The OCC-AUTH authentication mechanism is implemented by performing OCC over secure messaging. The PIV Application authenticates the PIV Card as part of the process of establishing secure messaging. When the live-scan fingerprint biometric is supplied to the card for OCC over secure messaging, both the request and the response are protected using message authentication codes (MAC), allowing the PIV Application on the local system to verify that the response has not been altered and that it was created by the PIV Card that was authenticated during the establishment of secure messaging.

The OCC-AUTH authentication mechanism is performed by establishing secure messaging as described in Sec. 4 of SP 800-73-5 Part 2 and then performing the VERIFY command, as illustrated in Figure 6.

Figure 7 shows the deprecated authentication mechanism in which a human guard authenticates the cardholder using the visual credentials held by the PIV Card. The authentication mechanism has been deprecated in FIPS 201-3 and MAY be removed from a future edition of the standard.

The content of this section has been removed since the CHUID as an authentication mechanism is no longer allowed under FIPS-201. However, the CHUID data element itself remains on-card to support other authentication mechanisms. For example, the BIO and BIO-A authentication mechanisms use the CHUID data element as a source for the card’s expiration date. The CHUID data element also provides the content signing certificate for these authentication mechanisms as well as unique identifiers for PACS ACLs.

If the PIV Card supports the secure messaging protocol, then the secure messaging key, corresponding CVC, and key establishment protocol (see Sec. 4 of SP 800-73-5 Part 2) CAN be used for authentication of the PIV Card and the cardholder (SM-AUTH). The secure messaging protocol authenticates the PIV Card via the secure messaging key. Any established session keys SHALL be zeroized after authentication if bits b3 and b4 of subsequent command CLA bytes are set to zero.

Figure 8 shows the authentication mechanism using the secure messaging key.

Table 46 summarizes the types of validation activities that are included in each of the PIV authentication mechanisms described earlier in this section.

Relying parties interact with many PIV Cards with the same native key type implemented by different key sizes and algorithms.^[21] For example, a relying party performing the authentication mechanism described in Appendix B.1.2 CAN expect to perform a challenge and response cryptographic authentication with a 3072-bit or a 2048-bit RSA key or an ECDSA (Curve P-256 or Curve P-384) key.

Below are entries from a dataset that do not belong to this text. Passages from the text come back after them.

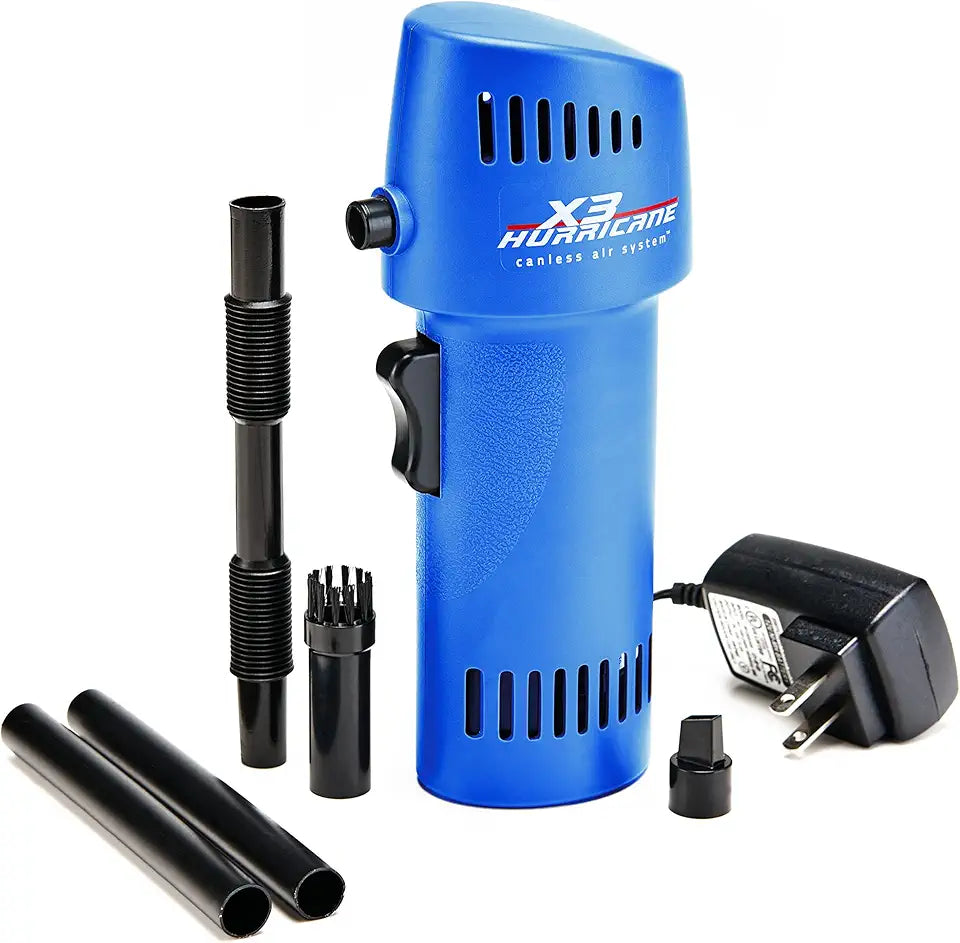 Rechargeable Compressed Air Duster R613388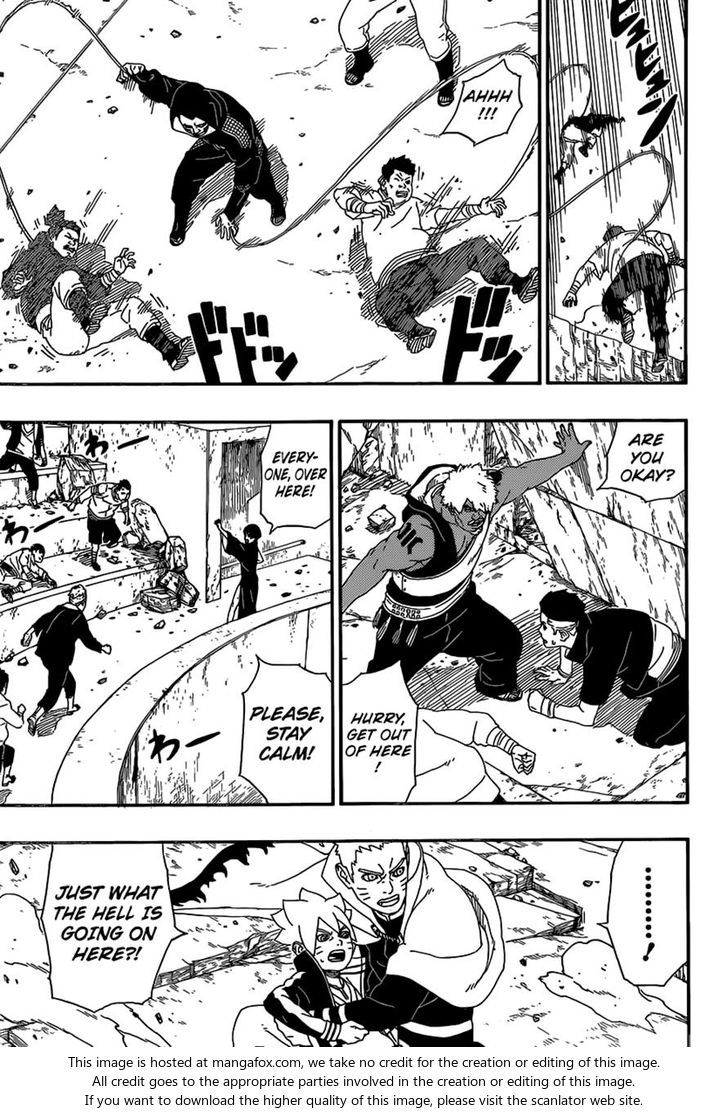 Read Boruto Naruto Next Generations Manga Online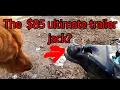 85 ULTIMATE TRAILER JACK installed and reviewed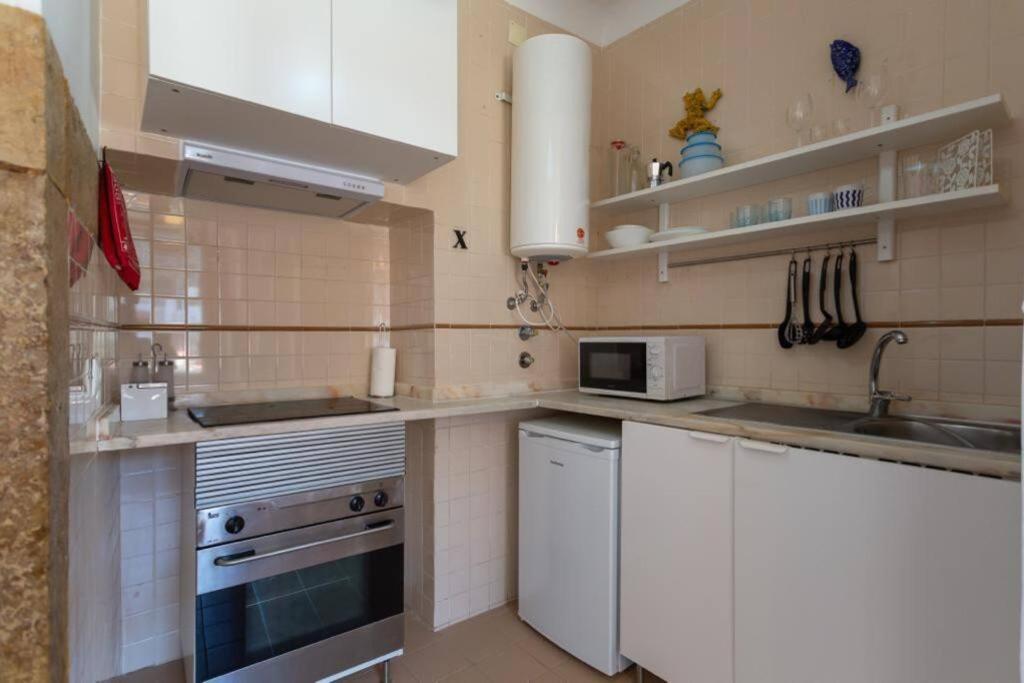 Apartamento Loft Mouraria Lisboa Exterior foto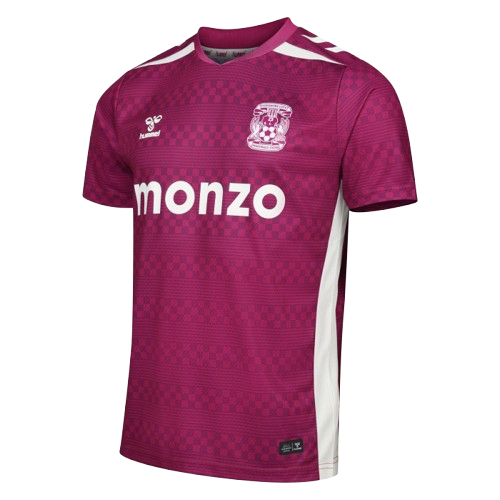 Coventry City 2026-2027 5th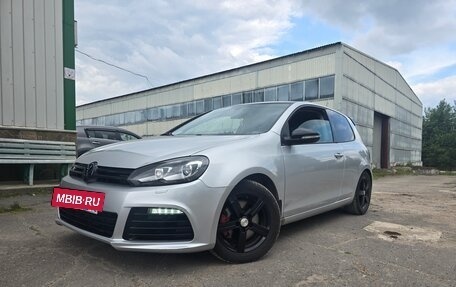 Volkswagen Golf VI, 2009 год, 1 300 000 рублей, 2 фотография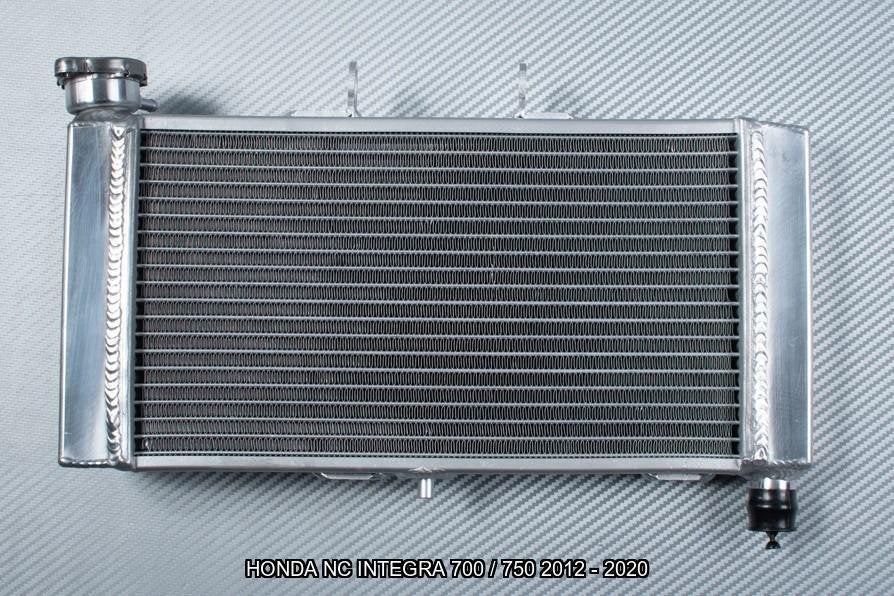 Radiateur AVDB voor HONDA NC INTEGRA 700 / 750 2012 - 2020, Motoren, Ophalen of Verzenden, Nieuw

This appendix describes recommended procedures for key size and algorithm discovery (PIV algorithm ID discovery) to facilitate cryptographic authentication initiated by the relying party to make appropriate decisions for granting access to logical networks and systems as well as physical access control systems. The discovery procedure is defined in terms of asymmetric and symmetric cryptographic authentication.

As illustrated in the authentication mechanisms in Appendix B, an asymmetric cryptographic authentication involves issuing a challenge (request to sign a nonce) to the PIV Card. The relying party issuing the command provides the nonce to be signed, the key reference, and the PIV algorithm identifier as parameters of the command. The nonce is random data generated by the relying party, and the key reference is known. In contrast, the PIV algorithm identifier is unknown to the relying party and needs to be identified in order to issue the challenge command. The PIV algorithm identifier CAN be derived from the previous steps of the authentication mechanism. Prior to issuing the challenge command, the relying party retrieved and parsed the X.509 certificate from the card to validate the certificate and extract the public key for the pending verification of the signed nonce once returned from the card. The PIV algorithm identifier CAN be identified during the parsing of the X.509 certificate in two steps:^[22]

Step 1: Algorithm Type Discovery

The X.509 certificate stores the public key in the subjectPublicKeyInfo field. The subjectPublicKeyInfo data structure has an algorithm field, which includes an OID that identifies the public key’s algorithm (RSA or ECC), as listed in Table 4 of SP 800-78.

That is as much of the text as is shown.